Although the entries contain pictures, the copy should hold only their exact text.
BEGIN
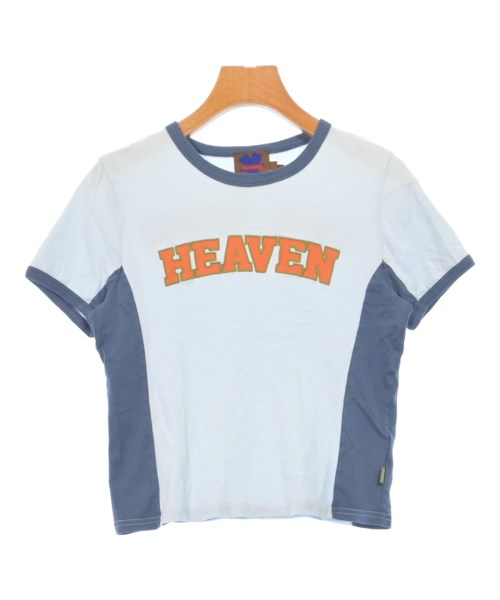 ヘブンバイマークジェイコブス(Heaven by Marc Jacobs)のHeaven by Marc Jacobs Tシャツ・カットソー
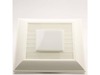 Louver – Part Number: FFV3402166S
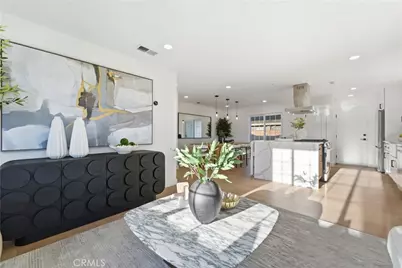 10121 Kukui, Huntington Beach, CA 92646 - Photo 17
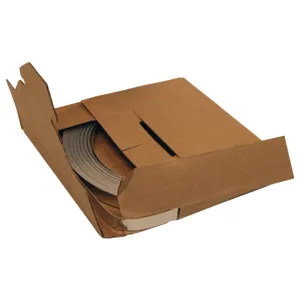 Product image for SG750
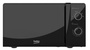 Ardesto MEO-N40W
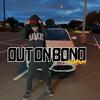 5StarKay - Out on Bond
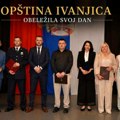 Ivanjica obeležila Dan kada je zakoračila u istoriju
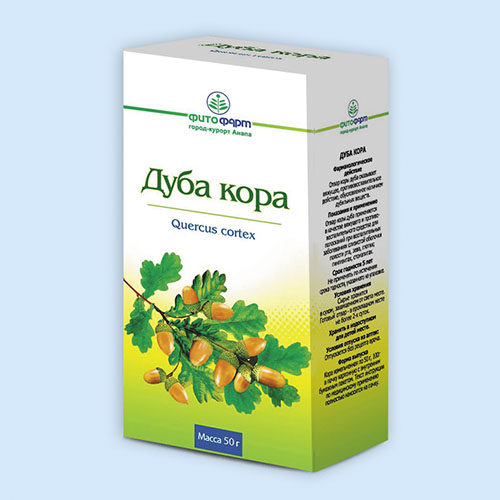 Дуба кора инструкция по применению Дуба кора инструкция по применению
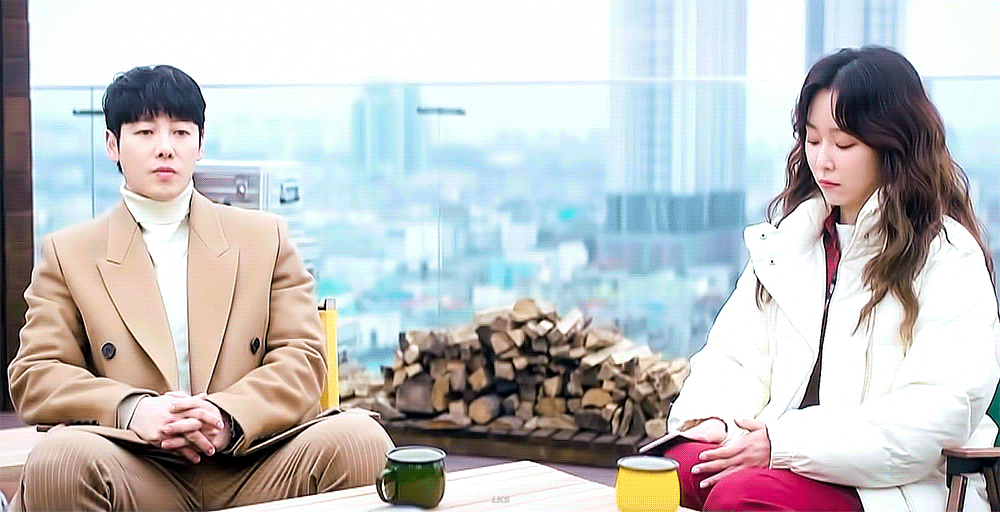 ?scode=mtistory2&fname=https%3A%2F%2Fblo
END
▶ **RESPONSE TO THIS TASK**:
 ヘブンバイマークジェイコブス(Heaven by Marc Jacobs)のHeaven by Marc Jacobs Tシャツ・カットソー
 Louver – Part Number: FFV3402166S
 10121 Kukui, Huntington Beach, CA 92646 - Photo 17
 Product image for SG750
 Ardesto MEO-N40W
 5StarKay - Out on Bond
 Ivanjica obeležila Dan kada je zakoračila u istoriju
 Дуба кора инструкция по применению Дуба кора инструкция по применению
 ?scode=mtistory2&fname=https%3A%2F%2Fblo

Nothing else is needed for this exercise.